Aulas a critiqué les « jeunes loups impatients » qui, selon lui, ont profité de sa candidature pour établir une majorité à la Métropole. Il a déclaré : « Une fois instrumentalisée puis digérée, la société civile se retrouve recrachée à la case départ, avec plus ou moins d’élégance selon les cas. Plutôt moins. »

Il est reproché à l’ex-président de l’OL d’avoir maintenu dans ses fonctions son directeur de communication pendant toute la campagne municipale, malgré une alerte de la plaignante dès février. Cette dernière, une militante d’une vingtaine d’années, a déclaré avoir subi un viol par soumission chimique début janvier, accusation que le conseiller mis en cause nie. Elle a porté plainte en mai.

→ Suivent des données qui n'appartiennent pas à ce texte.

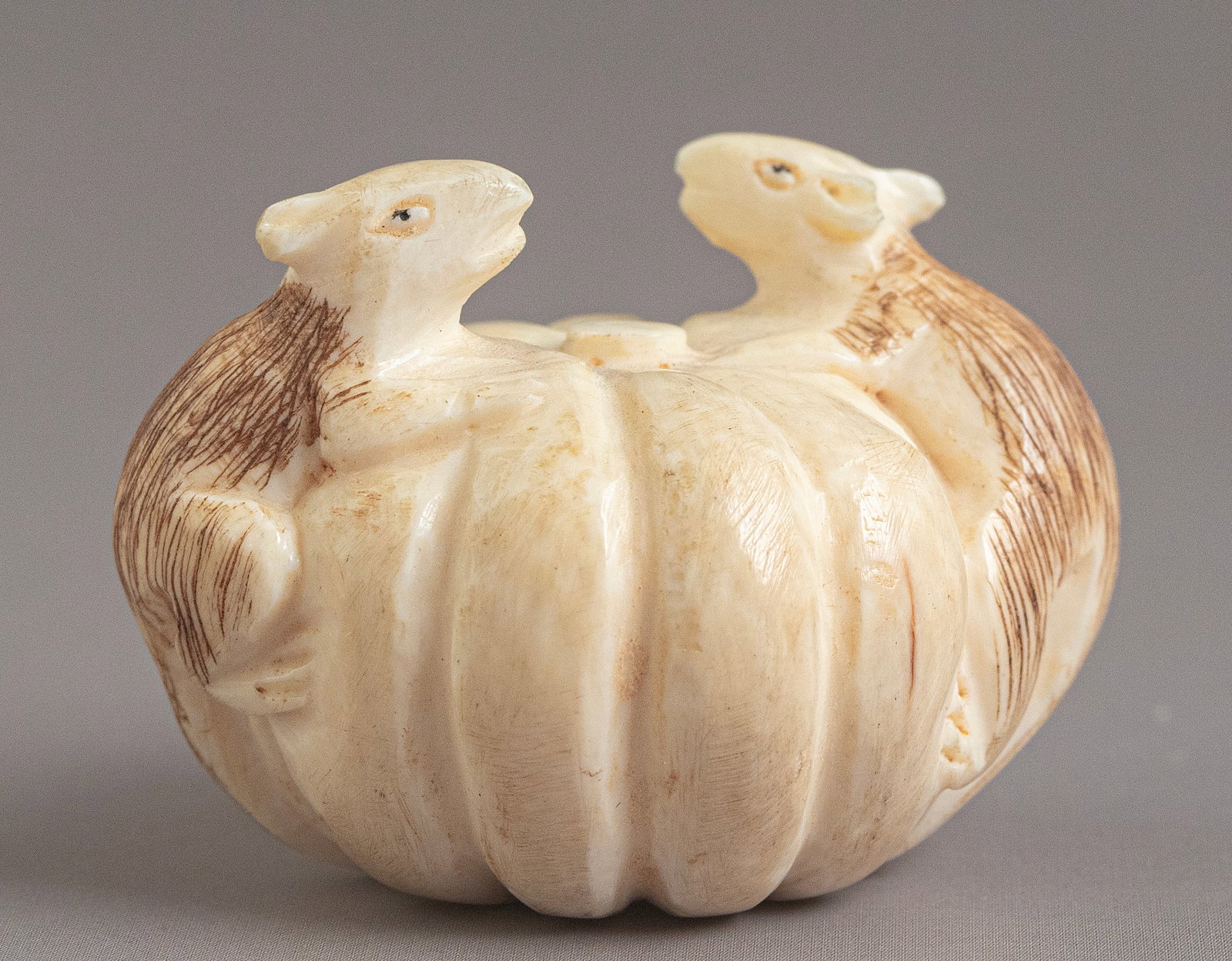 Carved Japanese Netsuke (1 of 3)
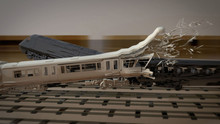 Paddington Train Collision photo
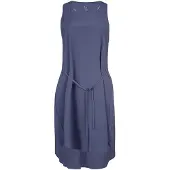 Hannah Elena Sleeveless Dress Bleu 34 Femme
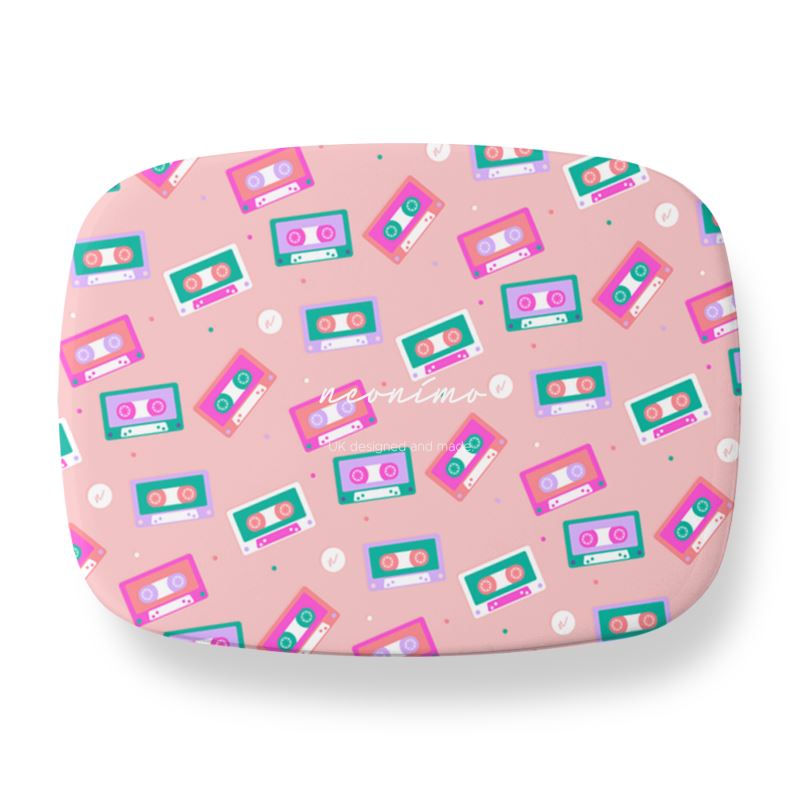 Cassette Tapes Bubblegum Lunchbox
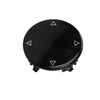 6pcs Multimedia Control Button Multifunction Piano Black Plug and Play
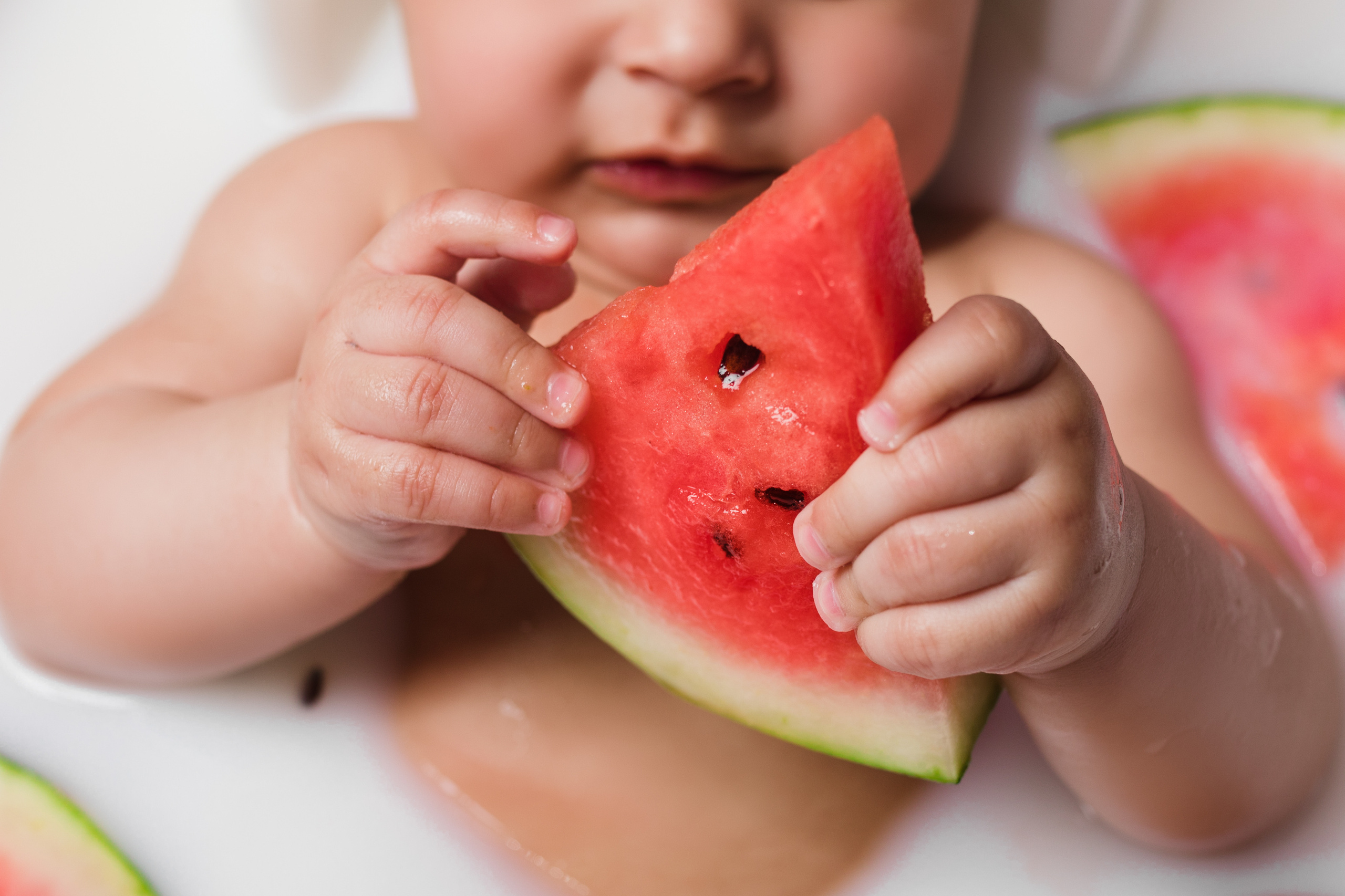 Мама, я расту (для детей от 1 м до года). Фотограф новорождённых Псков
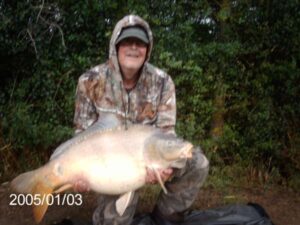 Carping in France at Morganes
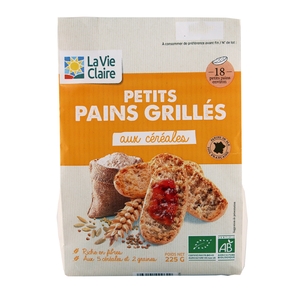 Petit Pain Grille 7 Cere 4 Grai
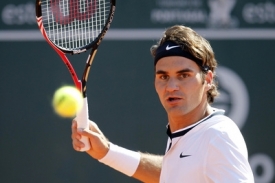 Roger Federer si v Estorilu o titul nezahraje.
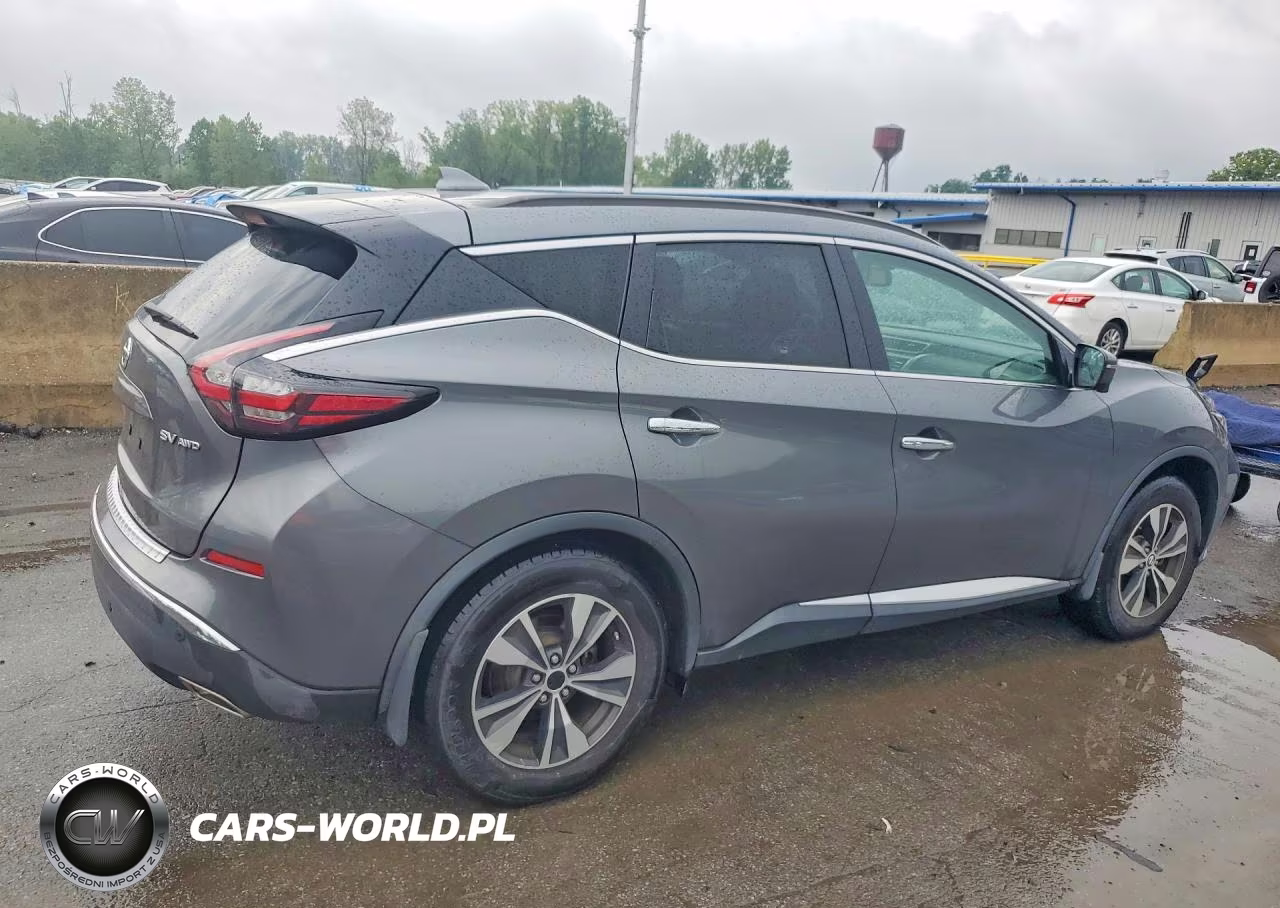 2019 Nissan Murano Sv VIN:5N1AZ2MS5KN103840 - 3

Le 10 juin, la présidente LR de la métropole, Véronique Sarselli, avait demandé la mise en retrait de Jean-Michel Aulas et de deux de ses proches. Après avoir initialement refusé, ils ont finalement plié sous la pression de leur groupe et ont vu leurs délégations retirées.

Jean-Michel Aulas s’était allié avec Véronique Sarselli pour le mouvement Grand cœur lyonnais, qui incluait des candidats de la société civile et de divers partis. Suite à ces événements, il a également pris du recul de son rôle de premier opposant au maire écologiste Grégory Doucet, et le groupe Cœur lyonnais qu’il présidait a éclaté.

Aulas a conclu sur LinkedIn que cette manœuvre visait à remettre la société civile à sa place, loin des postes politiques, la qualifiant de « cynique ».